The SEC has instituted a reporting procedure with a new form 9-K in 1998. A private filing of Form 9-K must be made and the retro-split must take place within 6 months of the private filing. Within the 6 month time frame the company must publicly disclose by press release that the 9-K has been filed and the degree of the actual split.
At the time of the public disclosure the company is authorized to buy back the shares and deliver them as they have stated in their 9-K private filing (eg, 3:2, 3:1, 5:1). Since this is a new procedure strategized by the major investment banks, the data gathered is miniscule on the significant move up in stock price that should be experienced at the date of announcement.
A tell-tale sign that the private 9-K transaction is evolving is what is called an "8-K/9-K arbitrage". A company will announce a "stock repurchase program" through an 8-K filing. This is a classic symptom of the underlying private 9-K taking place.
My sources tell me that the company has indeed privately filed a 9-K for the 5 for 1 retro-split.
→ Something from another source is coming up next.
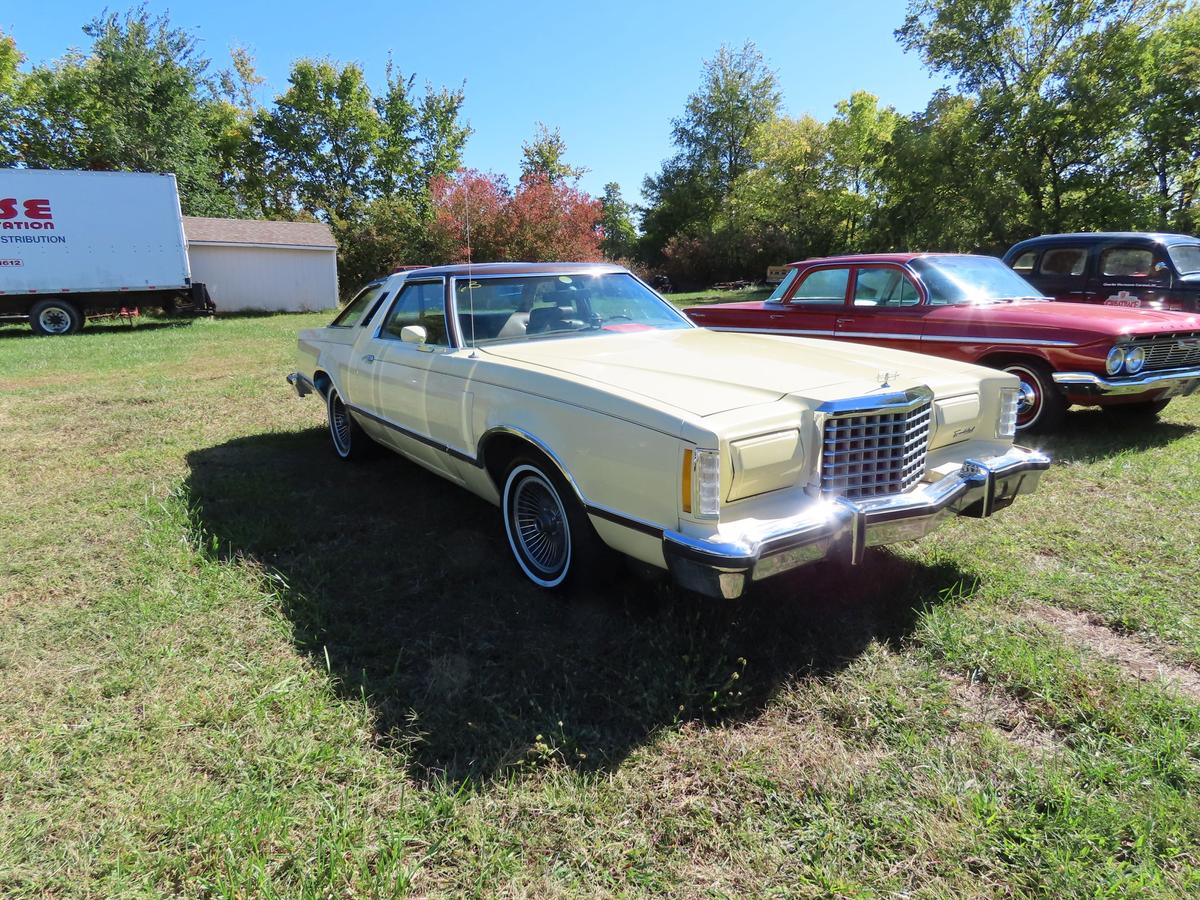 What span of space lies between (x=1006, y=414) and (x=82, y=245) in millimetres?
20532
The major positive effects upon announcement on the market values of shareowners is obvious. But what has been the substance of heated debate within the SEC is the fact that profits are, by regulation, retroactively extracted from short sellers within this 6 month period. In other words, in this case, should a short seller have taken his initial position sold short at say, 19, and covered at say 14, he is only entitled to 1/5 or 20% of the perceived profit. That is, under the 1998 amendment to SEC Regulation T, in this case that short seller would only be entitled to 1.0 points of his perceived 5 point profit. If there are any short sellers whose accounts have been tagged by the Reorg Department of their brokerage house, please let me know. Typically, a capital "R/S" will be placed next to the stock position on the statement even though it has been closed out. Your SMA balance will not be as large as you expected until the completion of the retro-split. If you have this, then it will confirm my information.